Heads up: v0.1.0-alpha.19 lands cacheControl typed write path + cost.cacheSavingsUSD rename (BREAKING) #41

baabakk · 2026-06-10T23:27:34Z

baabakk
Jun 10, 2026
Maintainer

v0.1.0-alpha.19 (heads up) — `cacheControl` write path lands; BREAKING field-name change

Status: Pre-release announcement. alpha.19 ships ~2026-06-13.

Where to post: GitHub Discussions, Announcements category. Same shape as the alpha.16 / .17 / .18 pre-cuts.

Audience: Anyone pinning to @alpha who reads token usage or cost telemetry off CostUsage / TokenUsage fields, OR currently using providerExtras to inject Anthropic cache_control as a workaround.

TL;DR

@llm-ports/core@0.1.0-alpha.19 lands the typed write path for provider-native prompt caching: a single CacheControl interface that covers Anthropic explicit breakpoints, Vercel-style auto placement, and Gemini's pre-created CachedContent handle pattern. Plus cost.cacheSavingsUSD becomes unconditionally populated on cache hits across all adapters.

BREAKING the CostUsage.cacheDiscountUSD field is renamed to cacheSavingsUSD to align with OpenInference llm.cost.* conventions. Consumers reading the cache-discount field directly will need a one-line update.

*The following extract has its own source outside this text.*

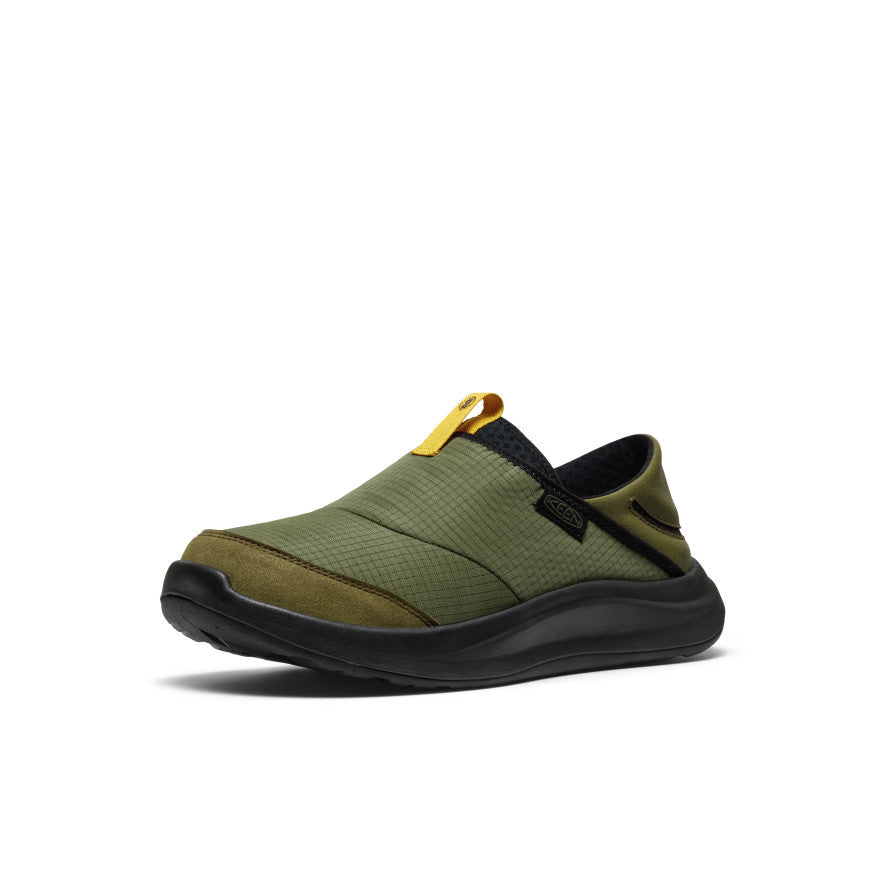 Mens Whyser Slip-On Bronze GreenBlack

This is the third alpha-line breaking change. It's an alpha bump precisely because we want this churn to happen now, before beta.0 cuts on 2026-06-30 and the contract freezes.

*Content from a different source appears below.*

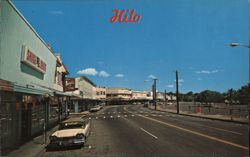 Hilo, Hawaii Street Scene Postcard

Where alpha.19 sits in the release line

The alpha line through beta.0 follows one principle: lock shape in alphas; freeze contract in beta.0. Each alpha addresses one specific structural decision surfaced by the v1 (8 dogfood projects) + v2 (~40 JS + Python competitor libraries) research effort. Recent history:

Release	Date	What it locked
alpha.16	2026-05-30	`providerExtras` escape hatch for provider-specific request fields (vLLM `chat_template_kwargs`, SGLang `regex` / `ebnf`, vLLM `guided_json`); shipped `useStrictResponseFormat` auto-detect for OpenAI / Cerebras / Groq / SambaNova
alpha.17	2026-06-05	`RerankPort` skeleton (sibling of `LLMPort` + `EmbeddingsPort` so adapter-cohere has a target for beta.0); jittered exponential backoff config (`BackoffConfig` + `computeBackoffDelay`); `onRetry` parity for adapter-google + adapter-ollama
alpha.18	2026-06-05	Typed-error taxonomy commit (BREAKING): new `LLMPortError` base; `BadRequestError` root with `ContextWindowExceededError` + `ContentPolicyViolationError` subclasses; `AuthenticationError`; `RateLimitError` with parsed `retryAfterMs`; `ServiceUnavailableError` root; `errorMatchers` helper
alpha.19	2026-06-13 (target)	`CacheControl` write path + `cost.cacheSavingsUSD` field-name normalization (BREAKING) — this release
alpha.20	2026-06-17 (target)	BudgetScope 5-tier hierarchy + minute/session gating tokens (BREAKING on `BudgetScope`)
alpha.21	2026-06-20 (target)	Observability hook signatures + OTel `gen_ai.*` field-name alignment
beta.0	2026-06-30 (target)	Contract freeze + `@llm-ports/adapter-cohere` (first `RerankPort` implementation)

The whole alpha sequence exists to surface breakage early, when adopters expect alpha churn, rather than at a beta cut that's supposed to be stable. After beta.0 ships, additive features go in beta.1 / beta.2 / beta.3; the typed surface itself doesn't move.

Why alpha.19 exists

alpha.16 added cache READ telemetry: when a provider returns cache-hit data, the adapter parses it into TokenUsage.cacheReadTokens + CostUsage.cacheDiscountUSD. But there's still no typed write path. Adopters who want to actually opt into Anthropic's cache_control: { type: "ephemeral" } breakpoints, or trigger Vercel-style auto-placement, have to inject the field through providerExtras and lose cross-provider portability.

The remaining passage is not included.